Sleepwhenimalive · 02/04/2020 18:19

Free are you OK? Hoping you in lockdown with your kids and parents?

Freetodowhatiwant · 21/07/2020 13:06

For those of you interested in an update, I am finally out. It took such a long time, what with lockdown etc, but the kids and I are now officially living separately from him. This is a bit revealing if anyone I know might ever read it but what the hell.

The kids and I are now abroad for two months, DH (having just spent a few days with us) is now back in the UK to deal with the final bit of selling the family house (hopefully - lockdown and awful buyers have delayed this by many months) and when we return to the UK it will be to a new town and to a house near DH (or should I say STBXDH) but not together. The kids have been accepted into a great school and I just need to find our own place to live (but we can rent for a while if we need to).

It's been a really tough time. Lockdown together was bittersweet and sometimes absolutely fine (well it was awful as I hated lockdown and am very much a going out person but I mean in terms of getting on). It was basically exactly like our last 20 years together. Most of the time getting on and enjoying each other's company but when he got angry me being subject to a non stop and rather scary verbal onslaught. I remember one time after he went on and on and on...eventually curling up in a ball in the kitchen just wanting him to stop. I wanted to run away from him, hide upstairs in another room, but equally didn't want to leave the kids downstairs without me and they were quietly playing on devices in the living room, hopefully unaware of what was going on.

When he got in those moods he would just pick up on everything; my whole personality, my family, my 'worth ethic', my being 'rubbish with money' etc etc etc. It was awful.

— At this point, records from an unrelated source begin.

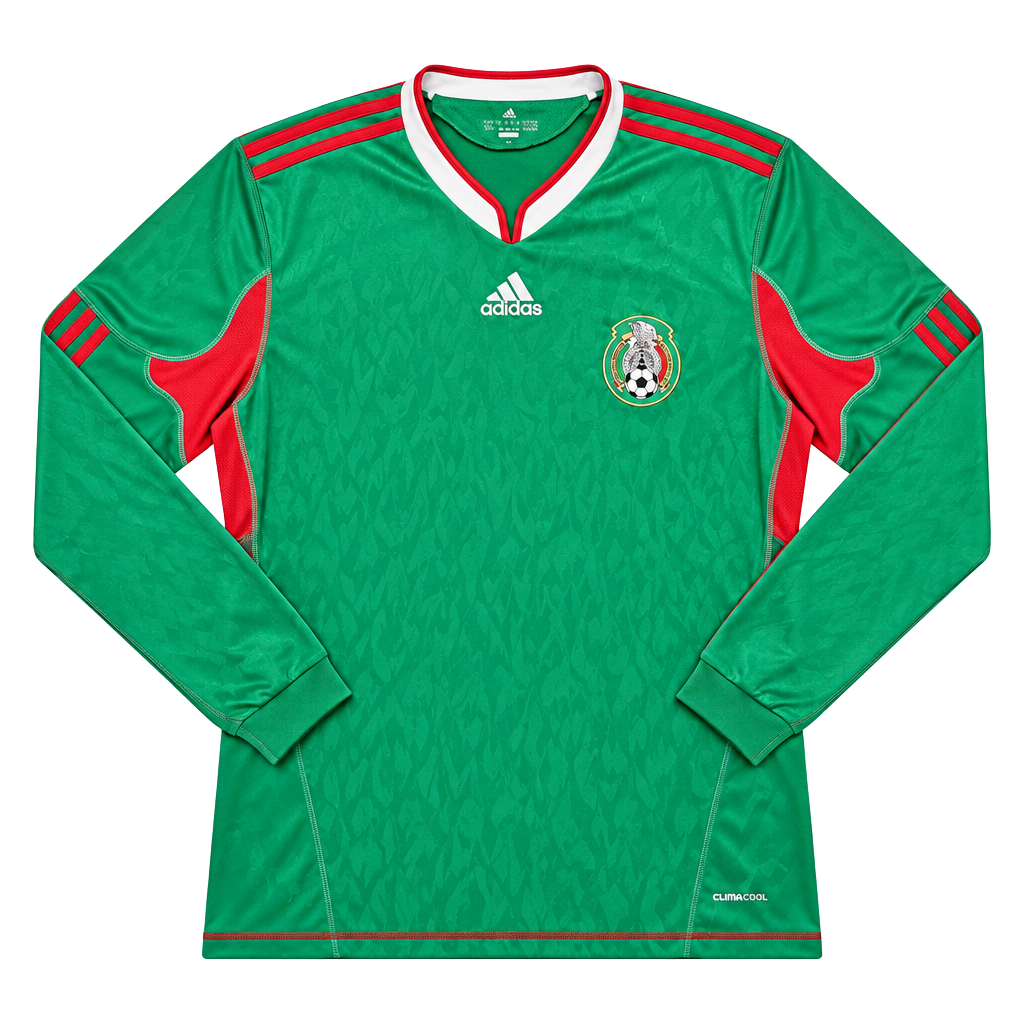 Adidas Mexico Soccer Jersey Long Sleeve Size S 1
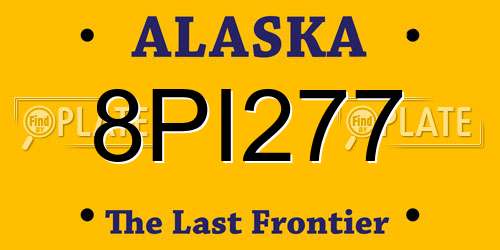 8PI277 Alaska License Plate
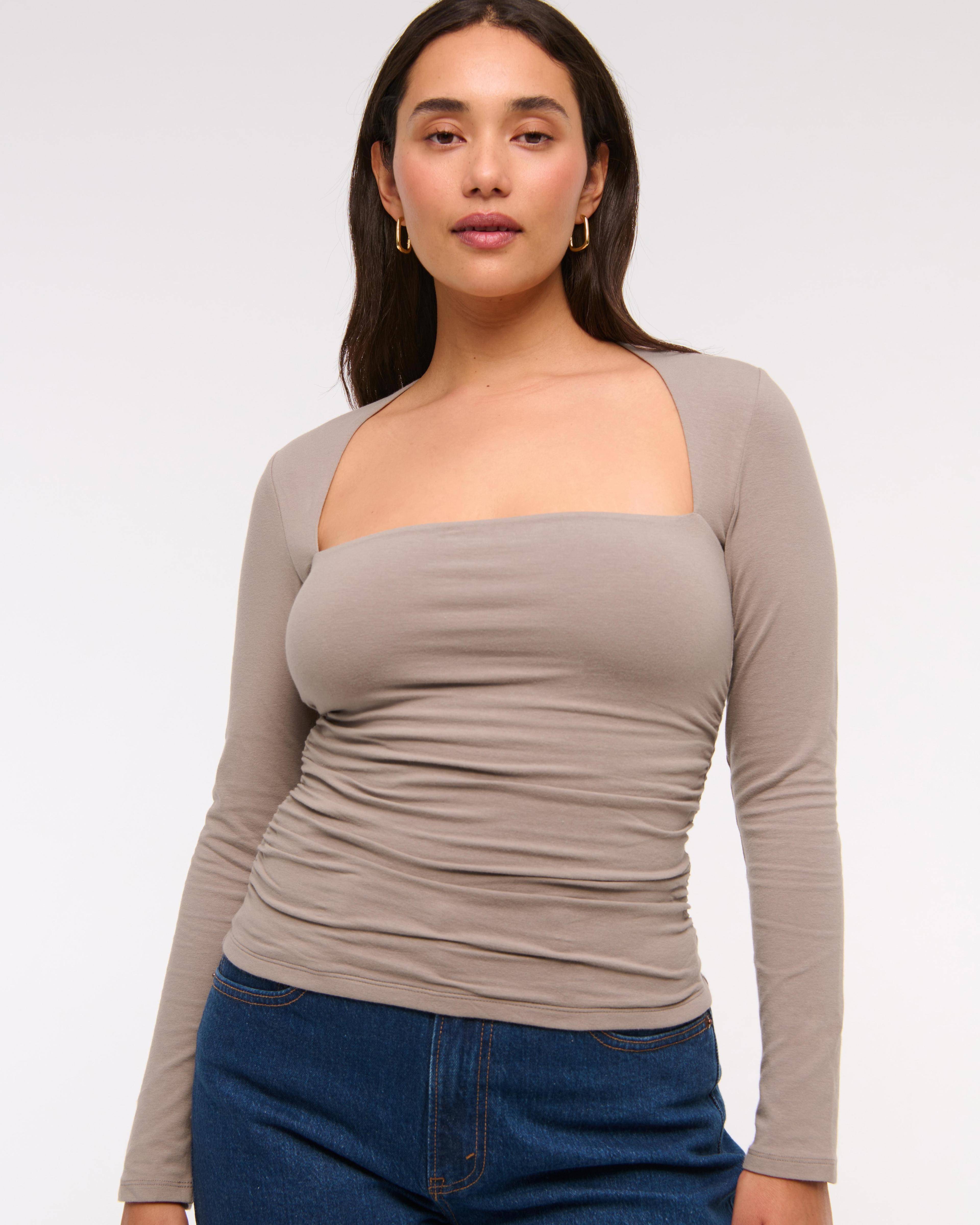 The A&F Ava Long-Sleeve Top Product Image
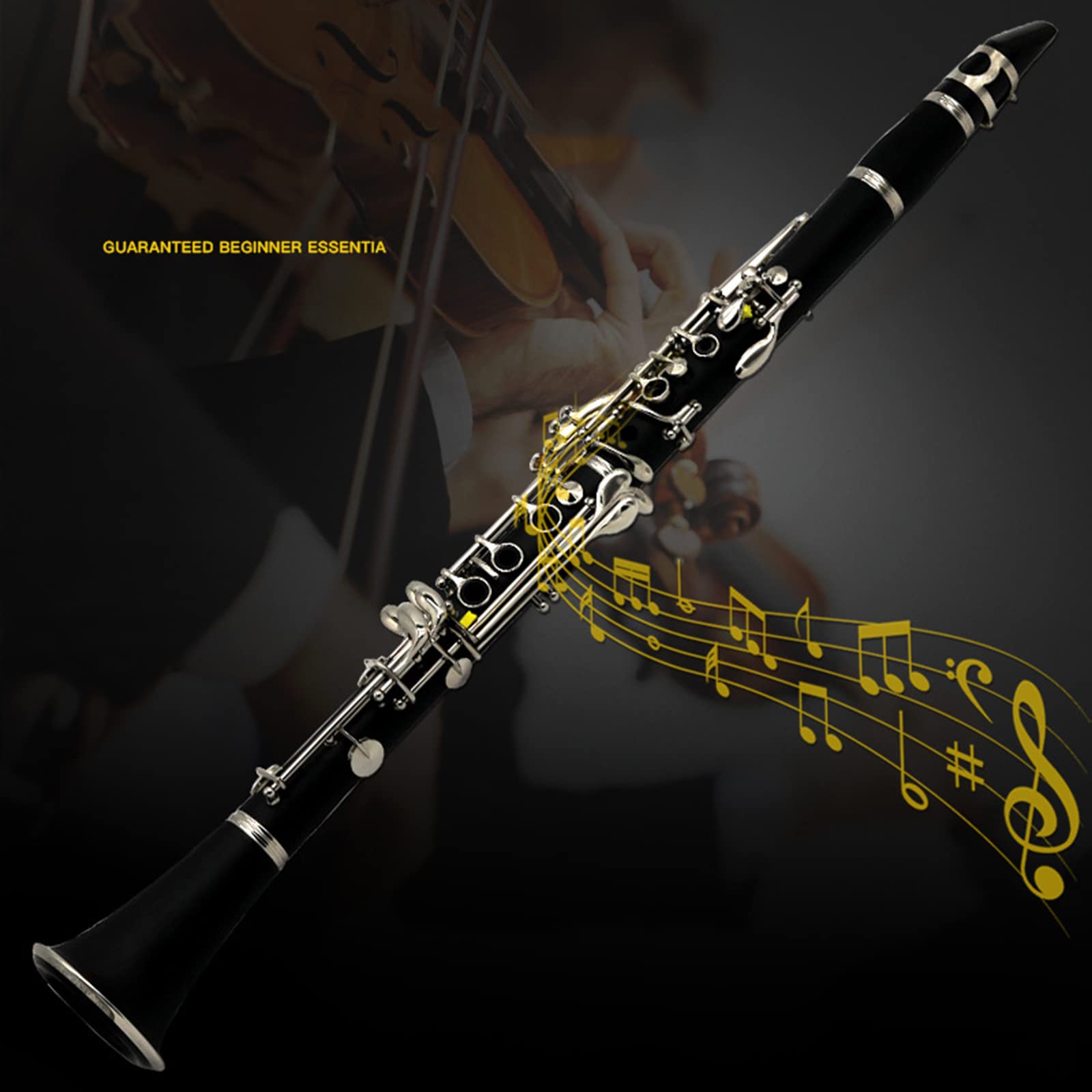 Amazon | クラリネット 17 キー フラットクラリネットソプラノ双眼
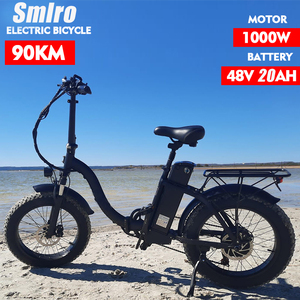 Smlro Có Thể Gập Lại Ebike E7 Đô Thị <span class=keywords><strong>Touring</strong></span> Xe Đạp 48V 20 Inch Chất Béo Lốp 1000W 20Ah Bước Thru Gấp Điện Thành Phố Xe Đạp Cho Người Lớn - Product Image 2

But there were many times, including the last few days abroad with us, that we have got on really well. Despite this, however, never once have I wondered if should stay. I will miss him in many many ways but I am looking forward to a life of more freedom without him, including freedom not to live with those up and down moods and the feeling of walking on eggshells.

I reminded myself of this whole thing by reading my first OP and reminding myself how it would be if i hadn't made the move. So, as my nickname says, I am finally now Free.

We have yet to tell the kids but they know we are buying two places in the new town and at the moment think one is for 'daddy's work'. When we get to the new town and separate houses we will find a way of telling them.

Thanks if anyone is still interested in the update!

OP posts:
Interestedwoman · 21/07/2020 13:29

Glad things are moving forward. Well done. Flowers

FoxandFish · 21/07/2020 22:59

That's great update! Good luck!Flowers

Spinakker · 22/07/2020 07:41

That's great news, here's to a new start for you x

DownUdderer · 22/07/2020 07:47

I'm happy to read your update. I'm sorry he was awful to you during lockdown, it just sounded awful :(

hellsbellsmelons · 22/07/2020 08:05

Well done OP.
So glad you are getting yourself and your DC free from this awful environment.
Have a relaxing time abroad and then back to your new life.
Abuse free!!!

fluffygreenmonsterhoody · 22/07/2020 08:11

Congratulations OP. Flowers

Shoxfordian · 22/07/2020 08:40

Great update Flowers
Congratulations on your new much happier life

AnotherEmma · 22/07/2020 08:48

Thank god you are finally separated from that abusive piece of shit. Well done.

I wish you peace and healing. You might find the freedom programme helpful, perhaps.